Si l'entreprise est tenue à se conformer à ce que dit la clause, il doit bien être possible, toutefois, de pouvoir la réévaluer selon l'évolution des indicateurs économiques, via une autre clause, dédiée à cette question -pourquoi pas, c'est courant. Sinon, en cas de situation exceptionnelle, il y a toujours la théorie de l'imprévision en droit administratif.

 

Pour l'utilisateur, il parie que le partenaire privé se tiendra à ce loyer. En plus, c'est également faire le pari que la gestion proposée et tarifée par l'entreprise privée soit moins coûteuse que celle réalisée par l'utilisateur publique. En tout les cas, ne pas atteindre cet objectif, ce serait attenter grandement à l'esprit de la RGPP...

 

Ce qui gêne avec ce contrat, c'est qu'aucune comparaison sérieuse n'est possible ! En effet, les contrats de partenariat public-privée proposent une "méthode" de calcul sur l'occupation et l'utilisation d'édifices publics. Cette méthode n'est pas transposée à ce qui se fait actuellement. Il n'est donc pas possible de comparer ce que coûte la situation actuelle au ministère de la Défense selon la manière de faire du contrat PPP.

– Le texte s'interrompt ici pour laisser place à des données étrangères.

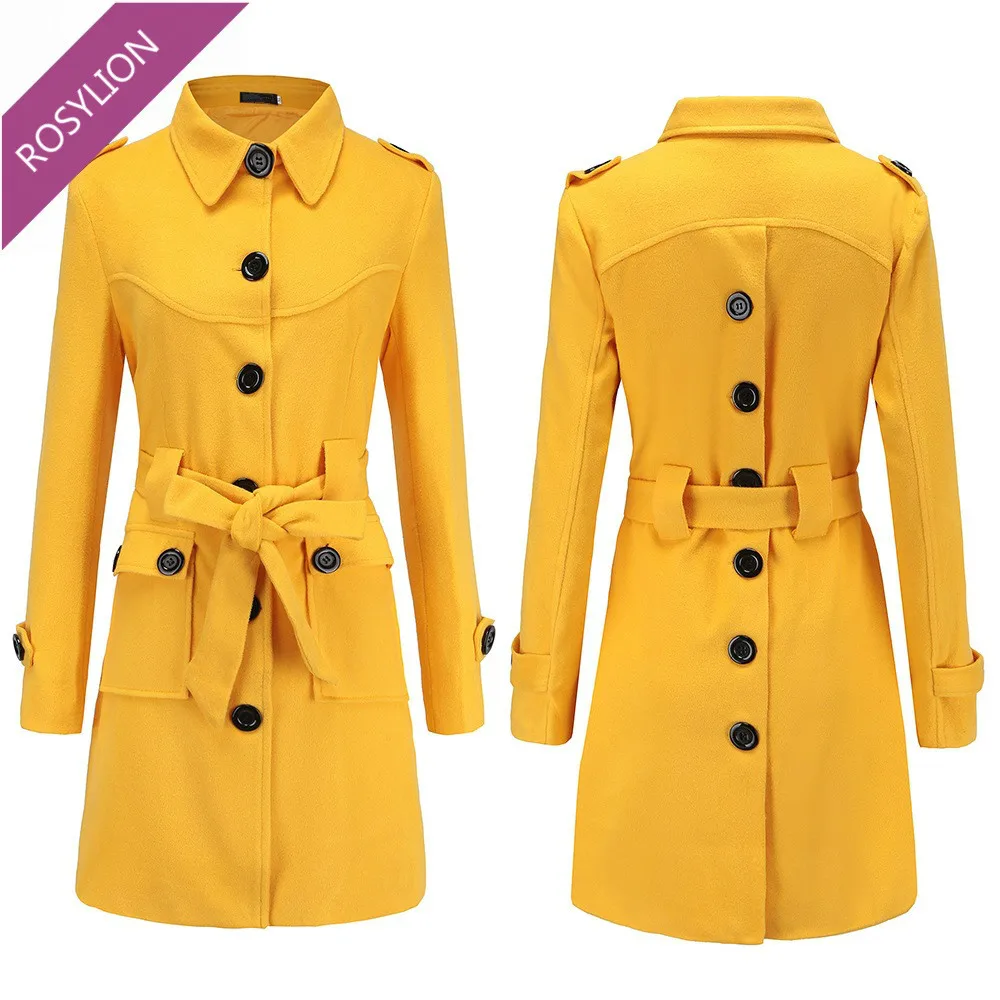 

Autumn Winter Hot Sale Multicolor Womens Coats Winter Slim Long Woolen Blend Coat Female Windbreaker Girl Casual Yellow Overcoat
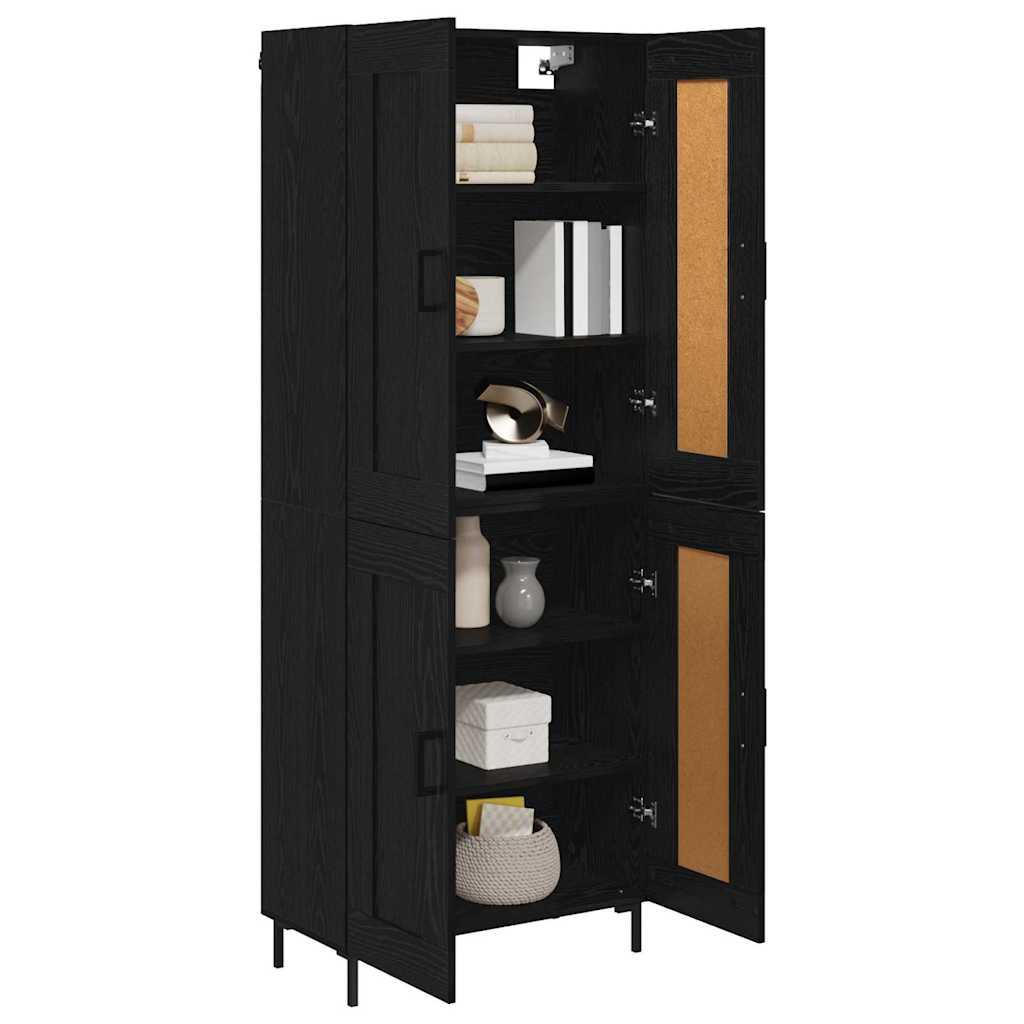 Credenza 2 pcs Rovere Nero Legno multistrato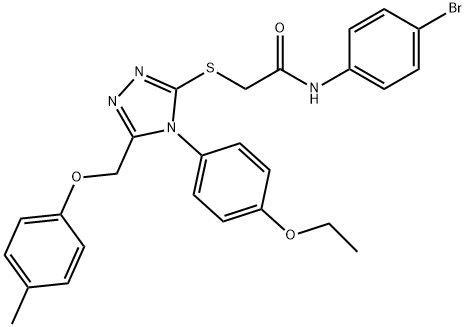 N-(4-bromophenyl)-2-[[4-(4-ethoxyphenyl)-5-[(4-methylphenoxy)methyl]-1,2,4-triazol-3-yl]sulfanyl]acetamide Structural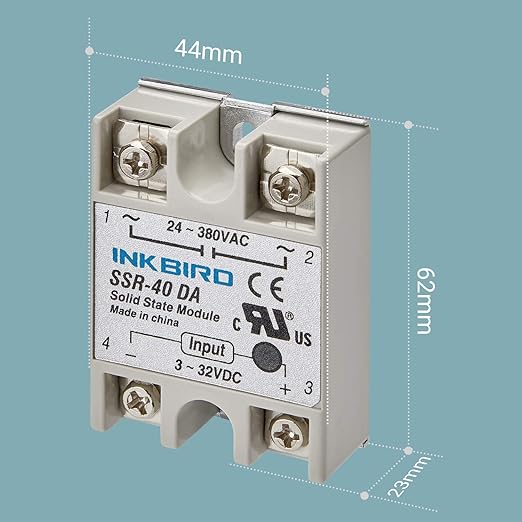 Inkbird PID Temperature Controller Kit, High Voltage 100ACV to 240ACV, Comes with SSR 40DA Solid State Relay, K Type Thermocouple, and White Heat Sink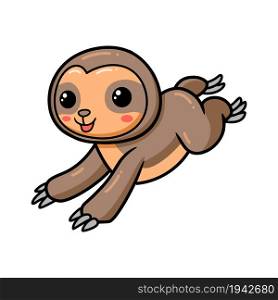 Cute baby sloth cartoon jumping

La démonstration est très simple à faire : depuis que le projet existe, les promoteurs du projet ne sont jamais vantés de pouvoir chiffrer les économies réalisées par rapport à la situation actuelle. C'est moins coûteux, c'est tout.

 

La construction du centre hospitalier sud-francilien s'est faite selon un contrat de partenariat public-privée. Le résultat est éloquent : le loyer prévisionnel de 29 millions d'euros a été porté à 43 millions d'euros. L'entreprise dépositaire de ce contrat demande une rallonge de 100 millions d'euros pour achever le chantier, donc respecter son obligation. "Un rapport de la chambre régionale des comptes épingle quant à lui le PPP, décrivant une "opération juridique contraignante et aléatoire" et évalue à 500 millions d'euros les économies qu'aurait occasionnées une maîtrise d'ouvrage publique dans la construction du site".

Mais aussi, et il faut le dire, le ministère devient, de facto, un "prisonnier", ou plutôt, il est engagé contractuellement à payer le loyer. Si le ministère venait à manquer à son obligation, alors il se trouverait dans une situation indélicate. L'entreprise n'aurait qu'à saisir les tribunaux pour demander réparation face à l'inexécution contractuelle du partenaire. C'est-à-dire qu'un tel contrat devra être financé en priorité par rapport à d'autres investissements.

 

En ce qui concerne le ministère de la Défense, le monstre ressemblerait à un loyer annuel de 100 à 150 millions d'euros -pourquoi varie-t-il ?- sur 27 ans. La construction des bâtiments représenterait un coût de 600 millions d'euros, noyé dans le loyer. L'ensemble surnommé "Balardgone" accueillerait 10 000 militaires et 5000 civils. L'emprise s'étalerait sur une superficie de 16,5 hectares. "Bien entendu", l'ensemble sera domicilié dans Paris intra-muros.

A l'aune de l'exemple du centre hospitalier sud-francilien, l'opération du ministère de la Défense ne présente pas toutes les garanties requises pour les forces armées... et le budget du ministère.

Ce contrat représenterait une somme de 3 à 4 milliards d'euros sur 27 ans. Comme quoi, il y a des porte-avions qui se cachent dans tout les projets.

Le Président élu, François Hollande, aurait dit que le projet serait réévalué. Il y a de quoi, en effet, réévaluer les choix qui ont été fait : est-ce que toutes les administrations et services présentes dans le projet doivent demeurer impérativement à Paris ? Quelques uns ont fait la comparaison avec le Pentagone, qui rassemblerait moins de personnes... pour des forces armées aux effectifs un peu plus nombreux.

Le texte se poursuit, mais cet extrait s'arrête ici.